[Brief descriptive captions]
■ ■ ■ ■ ■

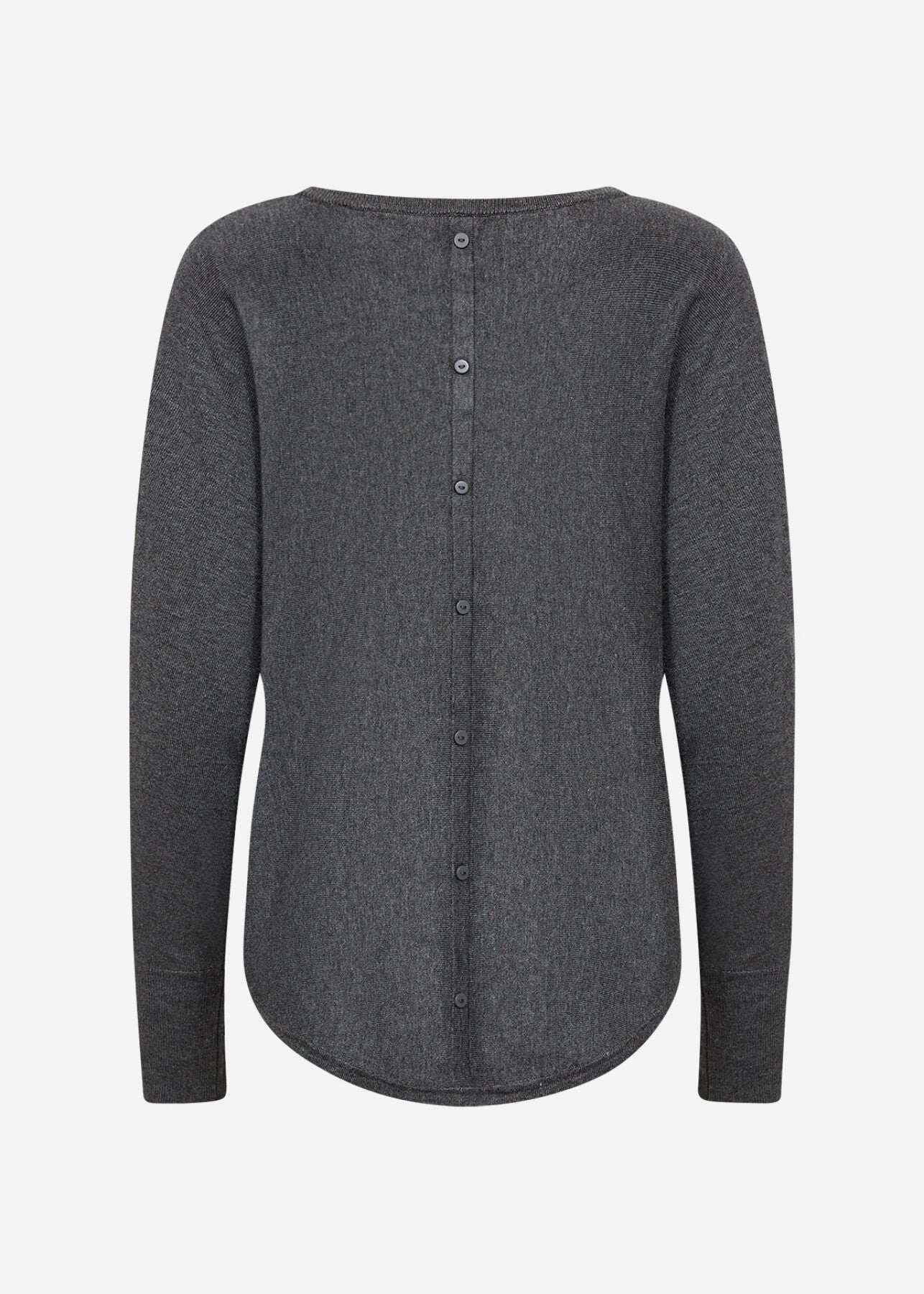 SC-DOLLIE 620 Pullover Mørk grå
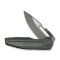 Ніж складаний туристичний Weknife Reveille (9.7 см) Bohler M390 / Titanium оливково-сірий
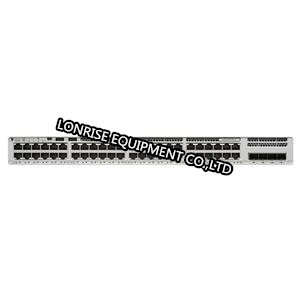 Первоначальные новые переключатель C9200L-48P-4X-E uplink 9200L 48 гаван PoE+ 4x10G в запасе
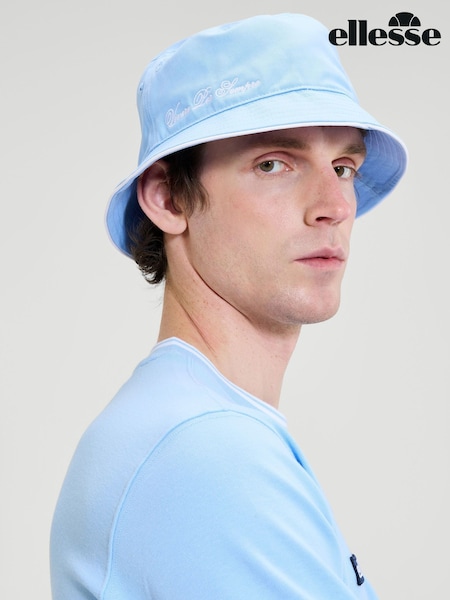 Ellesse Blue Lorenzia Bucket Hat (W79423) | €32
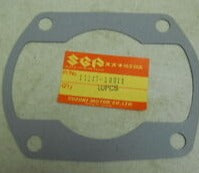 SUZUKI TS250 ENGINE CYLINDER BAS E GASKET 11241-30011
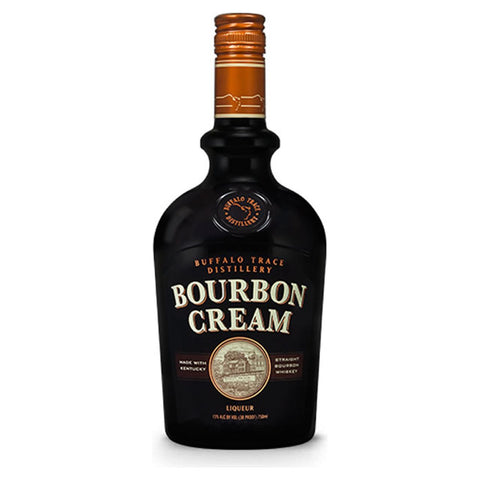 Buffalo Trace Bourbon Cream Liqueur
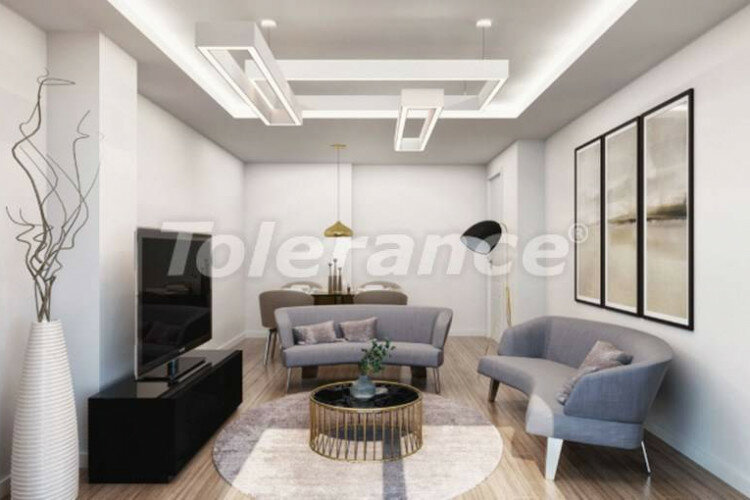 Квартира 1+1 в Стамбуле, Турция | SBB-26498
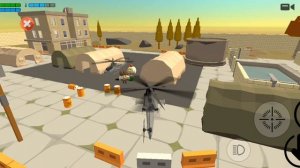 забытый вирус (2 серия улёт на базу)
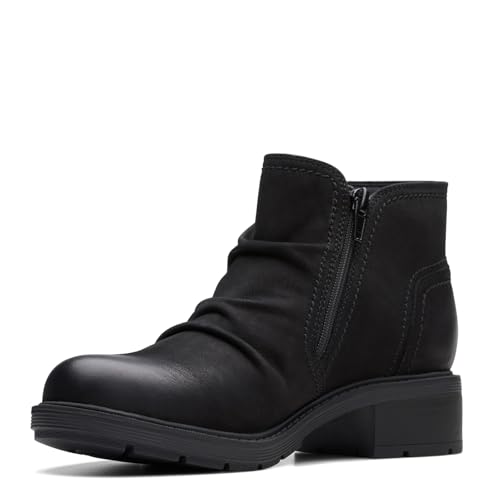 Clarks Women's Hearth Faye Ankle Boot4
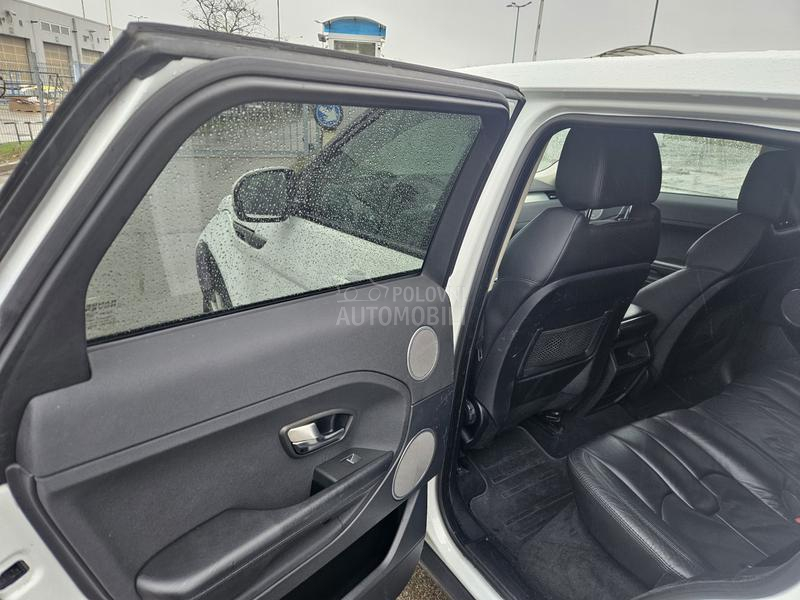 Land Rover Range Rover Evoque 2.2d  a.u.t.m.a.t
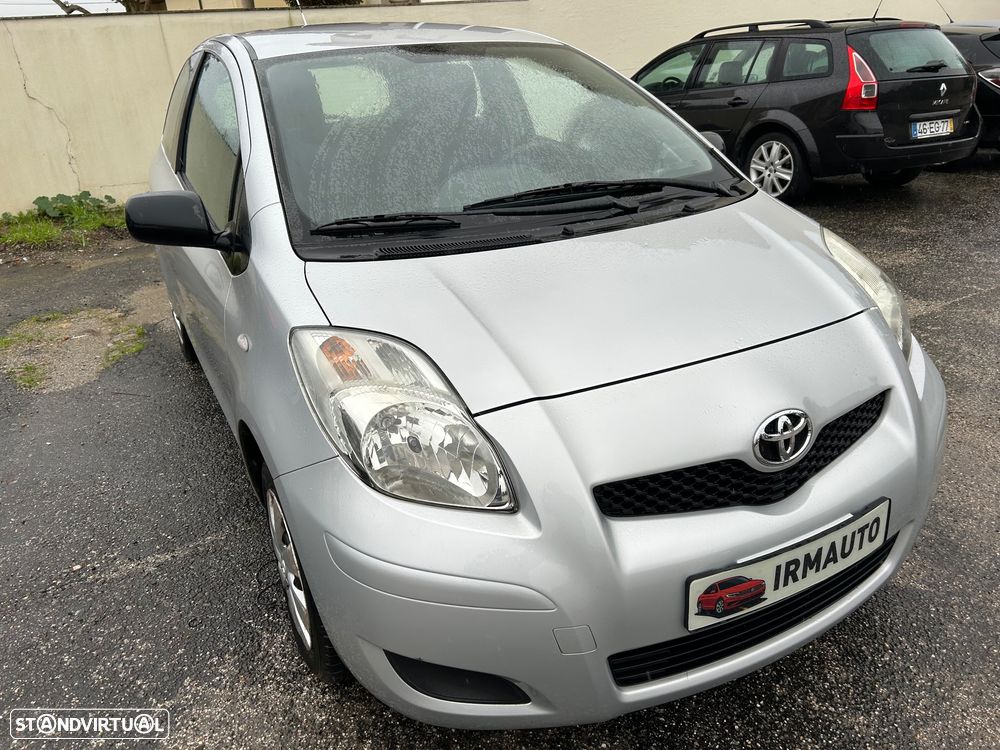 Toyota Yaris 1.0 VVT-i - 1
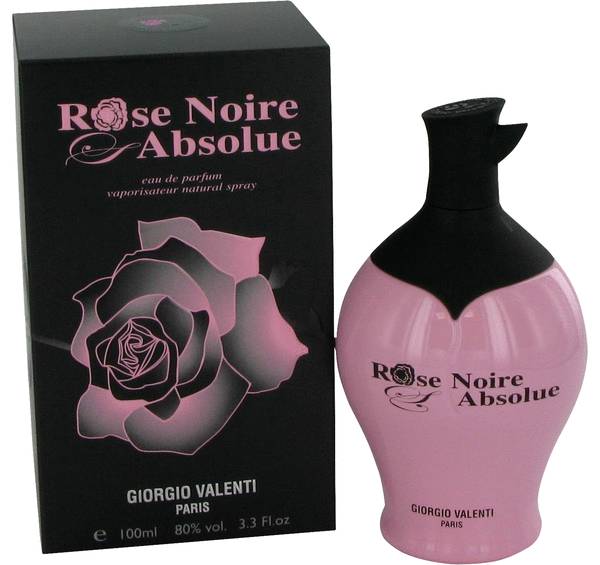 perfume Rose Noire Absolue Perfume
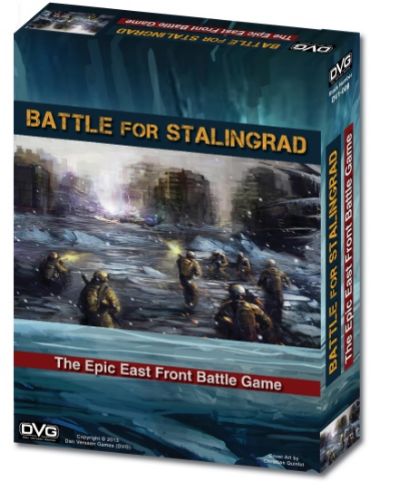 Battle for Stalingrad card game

■ ■ ■ ■ ■

[Task goal] Transcribe all the lines above exactly; any image among them is skipped.

[Task answer]
 SC-DOLLIE 620 Pullover Mørk grå
 Ніж складаний туристичний Weknife Reveille (9.7 см) Bohler M390 / Titanium оливково-сірий
 Первоначальные новые переключатель C9200L-48P-4X-E uplink 9200L 48 гаван PoE+ 4x10G в запасе
 Ellesse Blue Lorenzia Bucket Hat (W79423) | €32
 SUZUKI TS250 ENGINE CYLINDER BAS E GASKET 11241-30011
 Buffalo Trace Bourbon Cream Liqueur
 Квартира 1+1 в Стамбуле, Турция | SBB-26498
 забытый вирус (2 серия улёт на базу)
 Clarks Women's Hearth Faye Ankle Boot4
 Land Rover Range Rover Evoque 2.2d  a.u.t.m.a.t
 Toyota Yaris 1.0 VVT-i - 1
 perfume Rose Noire Absolue Perfume
 Battle for Stalingrad card game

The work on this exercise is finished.